Ins Blickfeld der Europäer gelangte der See erstmals Mitte des 19. Jh.s. Auf
der Suche nach den Quellen des Nils kam 1858 John Hanning Speke als erster
Weisser hierher. Er benannte den riesigen Binnensee nach der britischen Queen
und war überzeugt davon, tatsächlich die Quellen des Nils gefunden zu haben.
Den Beweis hierfür erbrachte der Amerikaner Stanley jedoch erst 1875. Natürlich
war die Gegend rund um den Lake Victoria schon lange vor der ”europäischen
Entdeckung” besiedelt. Vor rund 500 Jahren liessen sich hier die aus dem Sudan
kommenden Luo nieder. Sie bilden heute das drittgrösste Volk Kenyas.
Der Lake Victoria weist einen hohen Grad der Verseuchung mit Bilharziose auf.
Man darf also keinesfalls im See baden und schwimmen.
Landschaftsbild
Angesichts seiner Grösse wirkt der Victoriasee eher wie ein Binnenmeer.
Die stark zergliederten Küsten säumen ausgedehnte Sumpfflächen, Schilf und
Papyrus bilden am Ufer teilweise ein nahezu undurchdringliches Dickicht.

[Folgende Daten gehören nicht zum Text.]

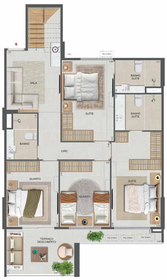 Planta 63 - 4 dorm 175,60m² - cobertura duplex - inferior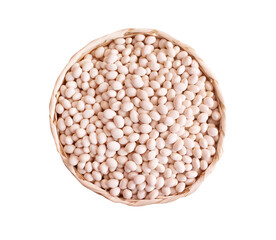 White bean in basket top view isolated on white background , clipping path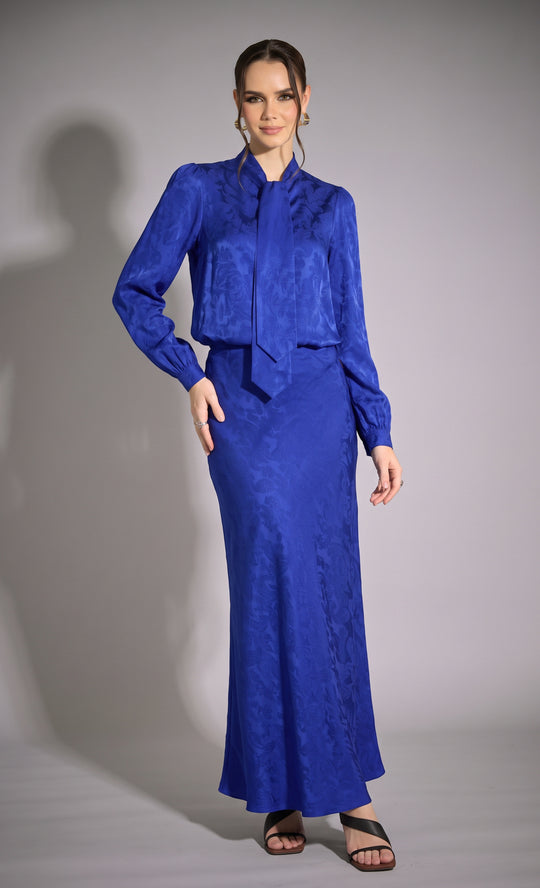 Divina Flared Skirt  in Imperial Blue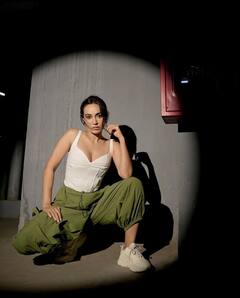 Surbhi Jyoti Aces Casual Wear In A White Tank Top & Olive Green Joggers; See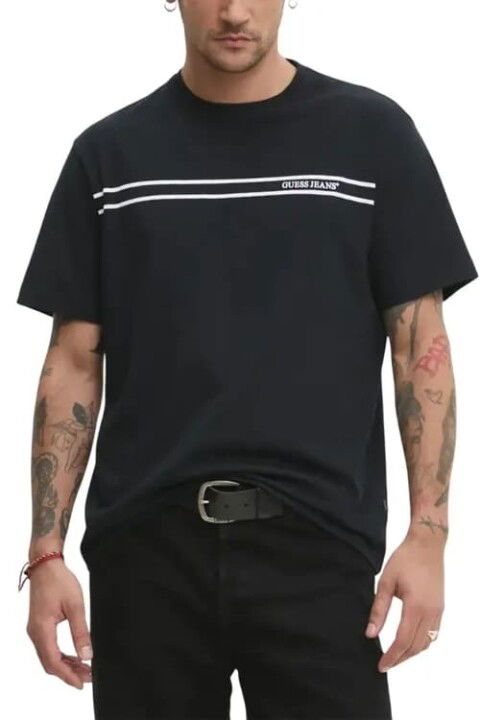 Erkek Gj Chest T-Shirt - Siyah - Guess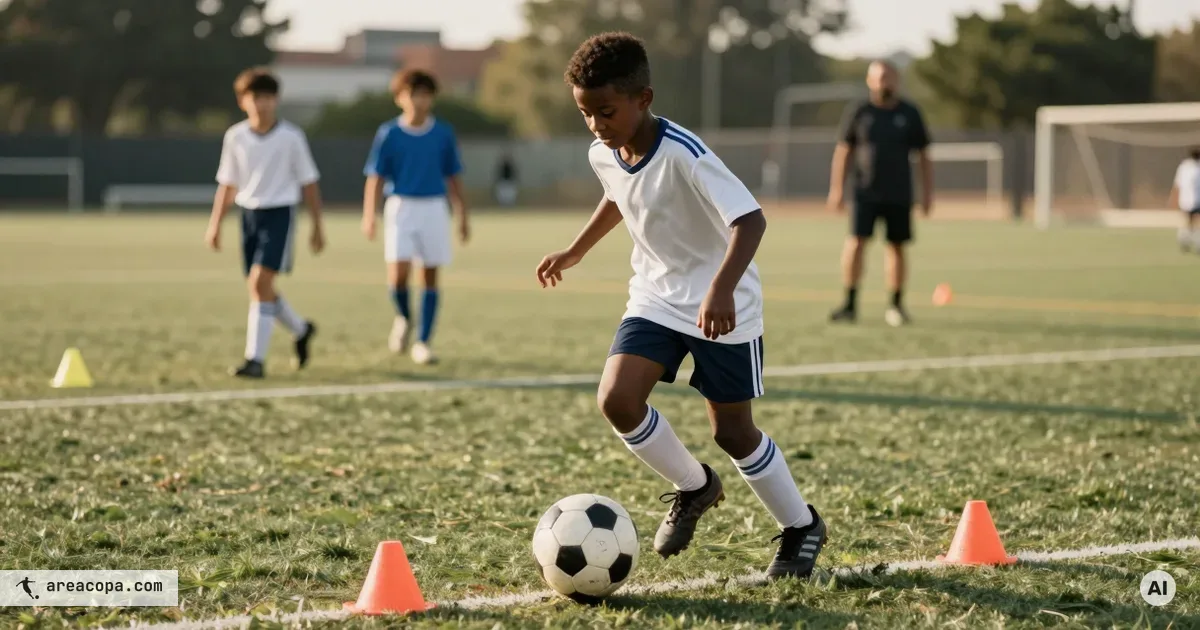 Jonge speler dribbelt tijdens een dribbeltraining voor O9 tot O11 met de bal aan de wreef door pionnenpoortjes op een grasveld.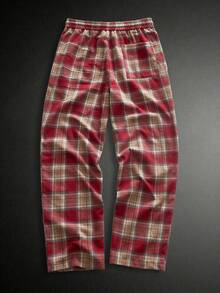 HIMLAND Men's Casual Plaid Drawstring Waist Pants - Multicolor - View 2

Inmitten des Sees liegen zahlreiche kleine Inseln, insgesamt nehmen sie 10%
der Seefläche ein.
Fischfang
Mehr als 300 verschiedene Fischarten konnten im Victoriasee festgestellt
werden, damit hat er eine ungeheure Artenvielfalt. Etwa 20 dieser Fischarten
werden als Speisefische geschätzt. Die Zusammensetzung der Fischbestände hat
sich durch menschliche Eingriffe in den letzten Jahrzehnten jedoch stark verändert.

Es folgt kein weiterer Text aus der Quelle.